§ **What to do**
The copy must match the data below line for line and contain no images.

§ **Input records**
+++++

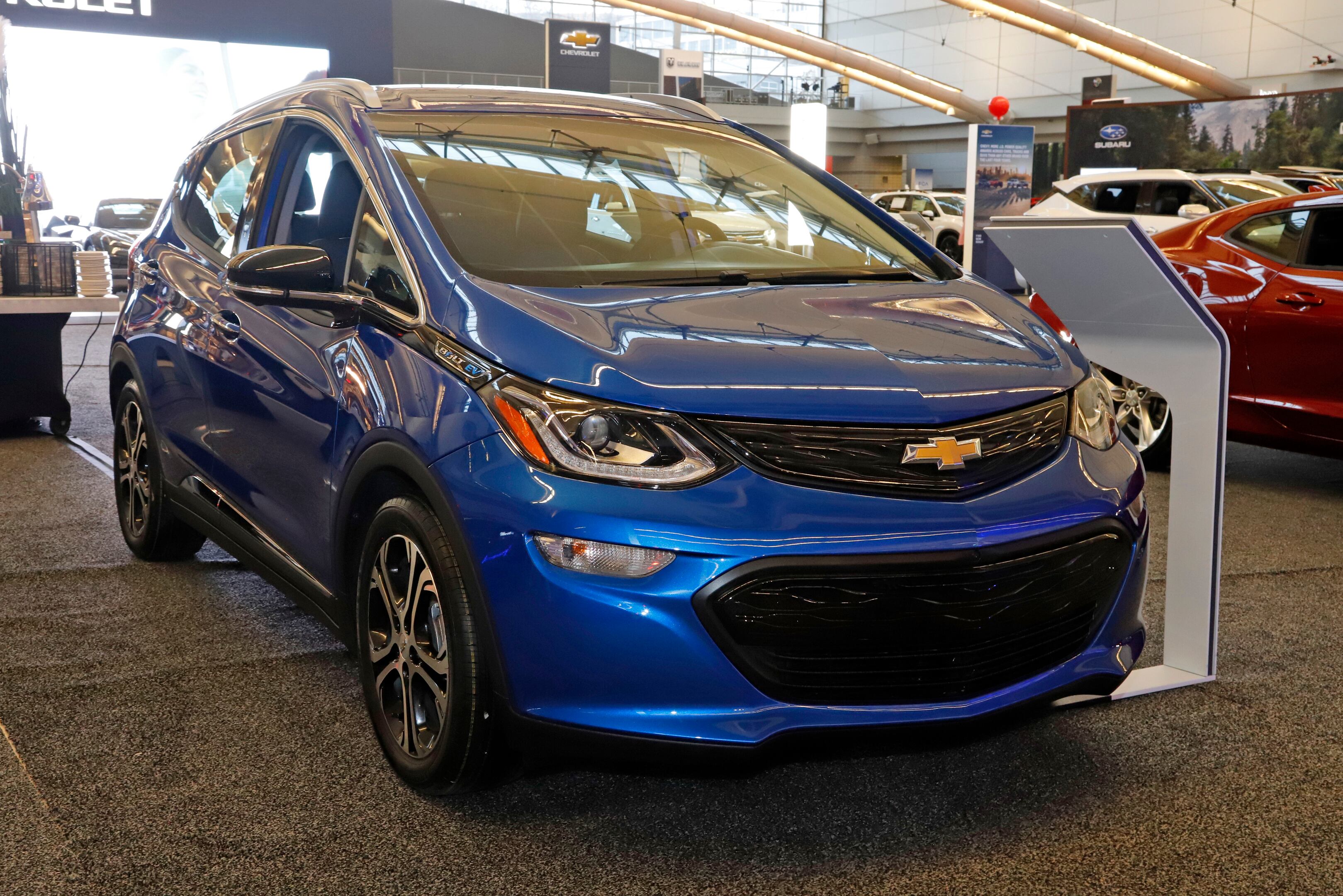 ARCHIVO - Esta foto muestra un Chevrolet Bolt EV 2020 en exhibición en el Salón Internacional del Automóvil de Pittsburgh 2020 en Pittsburgh. General Motors está retirando del mercado todos los vehículos eléctricos Chevrolet Bolt vendidos en todo el mundo para solucionar un problema de batería que podría provocar incendios.  (AP Photo / Gene J. Puskar)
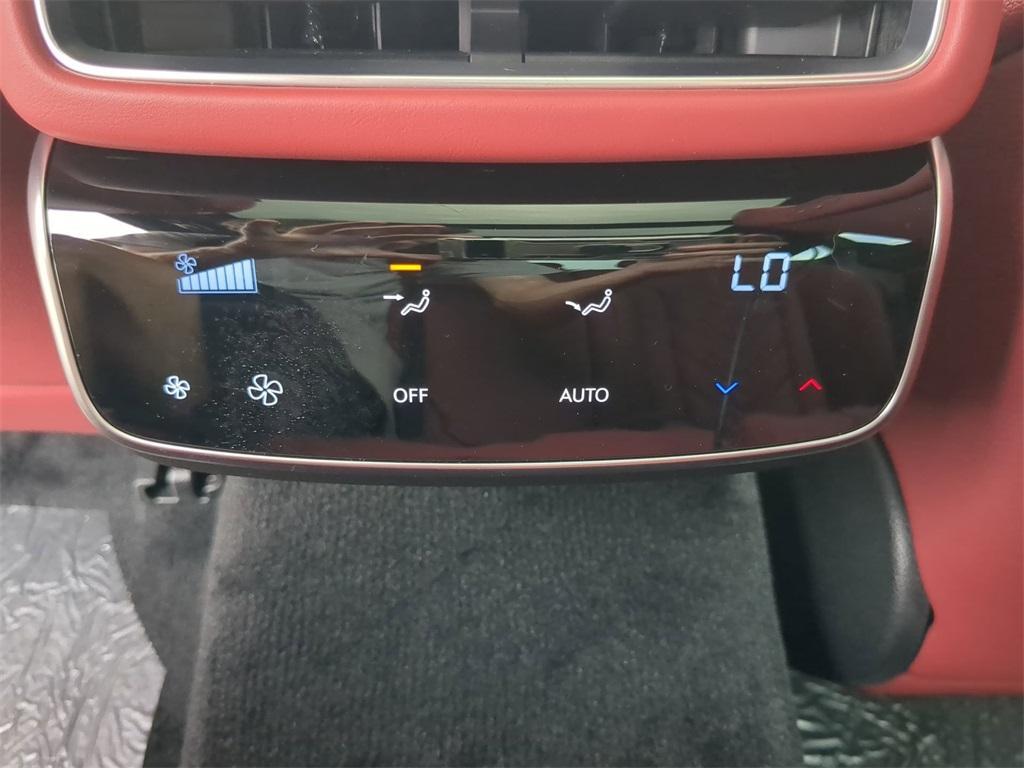new 2025 Genesis G80 car, priced at $70,665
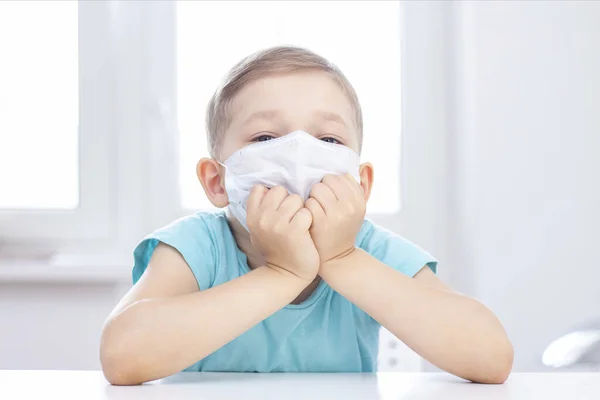 Konsep Infeksi Coronavirus Seorang Anak Laki Laki Bertopeng Medis Duduk — Stok Foto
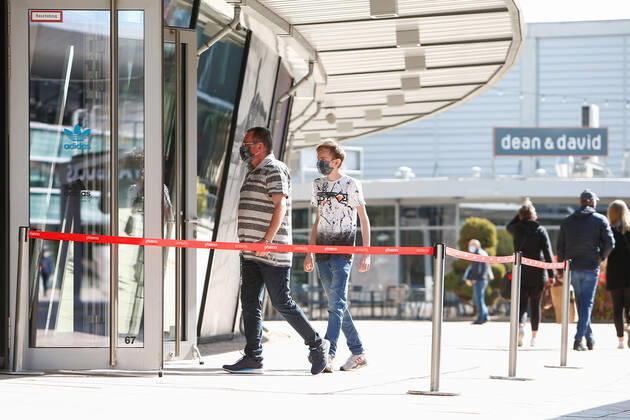 25.04.2020, xtgx, Folgen des Corona Virus in Wolfsburg, Kunden mit Masken im Designer Outlet Wolfsburg (DOW, Outlet Center). In Wolfsburg gilt eine Pflicht, in allen Geschaeften und in Bussen eine Maske zu tragen, die Mund und Nase bedeckt. Symbolfoto Mundschutzpflicht, Mundschutz, Maske, Maskenpflicht, Einkaufen, Konsum, Wirtschaft, Shopping. Wolfsburg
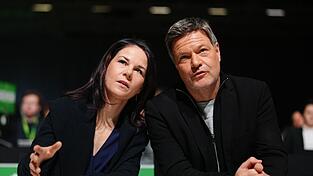 Annalena Baerbock und Robert Habeck werden in dem Gedicht aufs Korn genommen. (Archivbild) Annalena Baerbock und Robert Habeck werden in dem Gedicht aufs Korn genommen. (Archivbild)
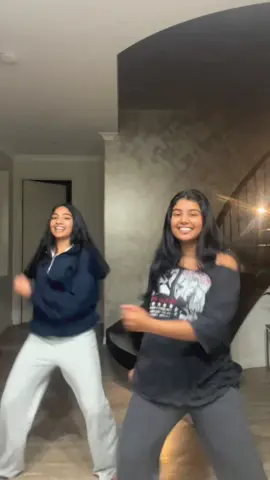 We sickkkk assss but we backkk🤚😖 Dc:me!!! #fyp#tamil#malayasiatiktokviral#kuthu#mallu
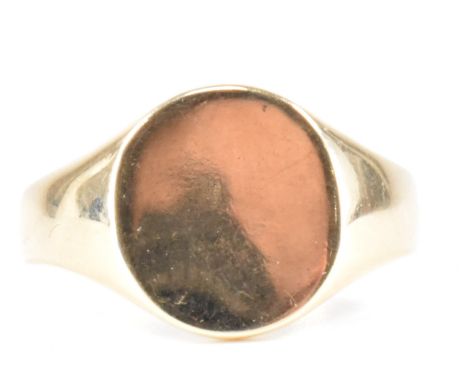 A hallmarked 9ct gold signet ring. The ring having a round unengraved head on a plain gold band. Assay marked Birmingham. Wei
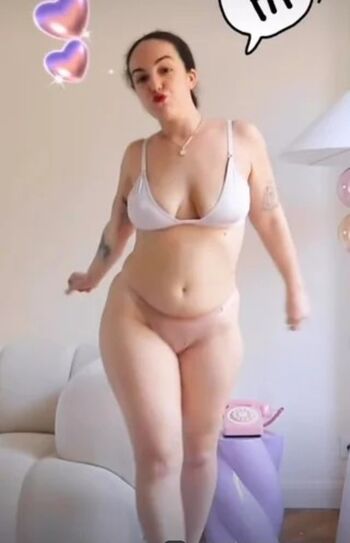 Leaked Shera kerienski page private photo viral onlyfans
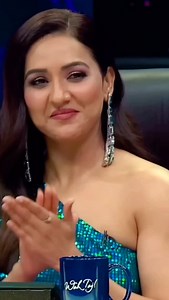 Falak se taur kar Dekho sitare log lae Hain🥰❤Indian idol Stage show 🥰Is Garib Larka aur Ladki ne aisha gana Gaya Rato Raat viral ho gaya #alamgirh11 #trending #fbreels #shorts #foryou #trendingreels #viral | Alamgir Hossain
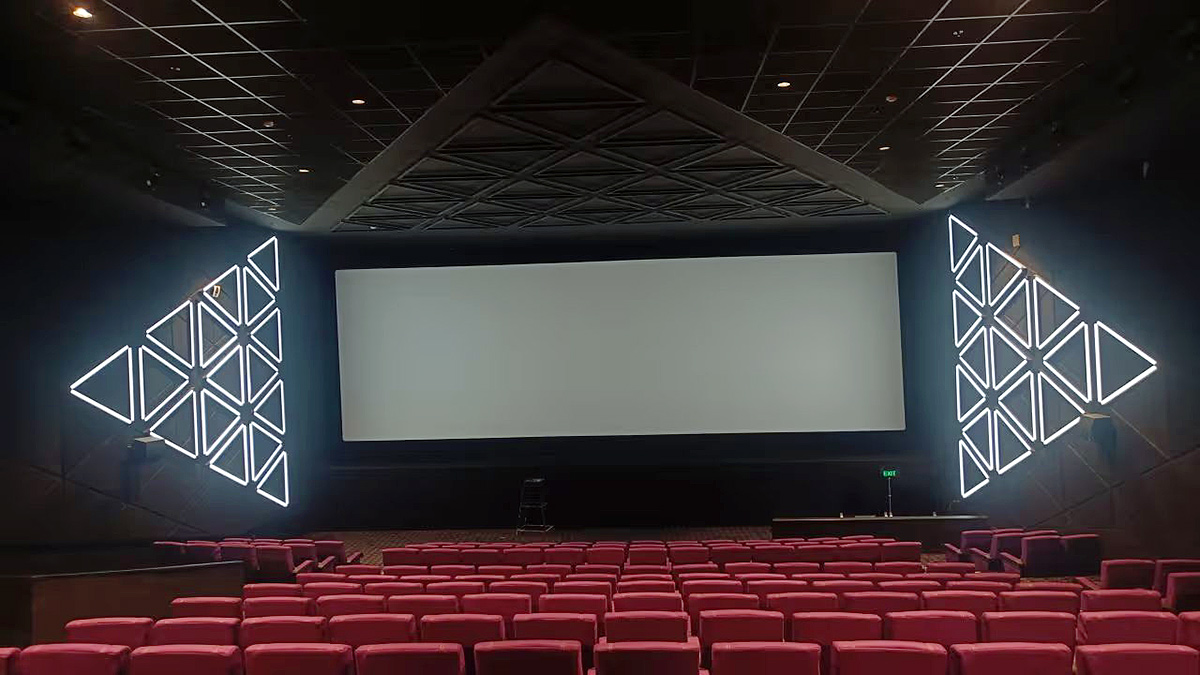 Allu-_20Arjun-_20Own-_20Multiplex-_20AAA-_20Cinemas-_20In_20-Ameerpet-_20Inside_20-Photos_20-Goes_20-Viral-6.jpg 6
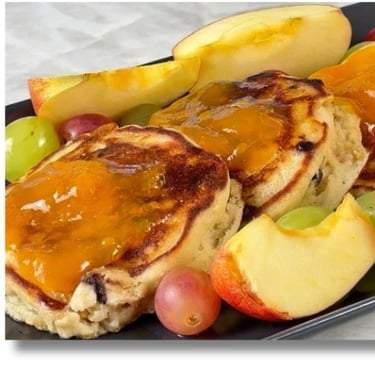 Fluffy protein pancakes made with rice flour and apple — healthy, gluten-free breakfast.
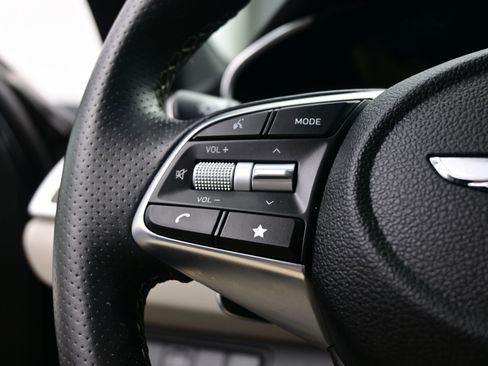 Certified 2023 Genesis G70 2.0T w/ Sport Prestige Package image 34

+++++

§ **Exercise output**
 ARCHIVO - Esta foto muestra un Chevrolet Bolt EV 2020 en exhibición en el Salón Internacional del Automóvil de Pittsburgh 2020 en Pittsburgh. General Motors está retirando del mercado todos los vehículos eléctricos Chevrolet Bolt vendidos en todo el mundo para solucionar un problema de batería que podría provocar incendios.  (AP Photo / Gene J. Puskar)
new 2025 Genesis G80 car, priced at $70,665
 Konsep Infeksi Coronavirus Seorang Anak Laki Laki Bertopeng Medis Duduk — Stok Foto
 25.04.2020, xtgx, Folgen des Corona Virus in Wolfsburg, Kunden mit Masken im Designer Outlet Wolfsburg (DOW, Outlet Center). In Wolfsburg gilt eine Pflicht, in allen Geschaeften und in Bussen eine Maske zu tragen, die Mund und Nase bedeckt. Symbolfoto Mundschutzpflicht, Mundschutz, Maske, Maskenpflicht, Einkaufen, Konsum, Wirtschaft, Shopping. Wolfsburg
 Annalena Baerbock und Robert Habeck werden in dem Gedicht aufs Korn genommen. (Archivbild) Annalena Baerbock und Robert Habeck werden in dem Gedicht aufs Korn genommen. (Archivbild)
 We sickkkk assss but we backkk🤚😖 Dc:me!!! #fyp#tamil#malayasiatiktokviral#kuthu#mallu
 A hallmarked 9ct gold signet ring. The ring having a round unengraved head on a plain gold band. Assay marked Birmingham. Wei
 Leaked Shera kerienski page private photo viral onlyfans
 Falak se taur kar Dekho sitare log lae Hain🥰❤Indian idol Stage show 🥰Is Garib Larka aur Ladki ne aisha gana Gaya Rato Raat viral ho gaya #alamgirh11 #trending #fbreels #shorts #foryou #trendingreels #viral | Alamgir Hossain
 Allu-_20Arjun-_20Own-_20Multiplex-_20AAA-_20Cinemas-_20In_20-Ameerpet-_20Inside_20-Photos_20-Goes_20-Viral-6.jpg 6
 Fluffy protein pancakes made with rice flour and apple — healthy, gluten-free breakfast.
 Certified 2023 Genesis G70 2.0T w/ Sport Prestige Package image 34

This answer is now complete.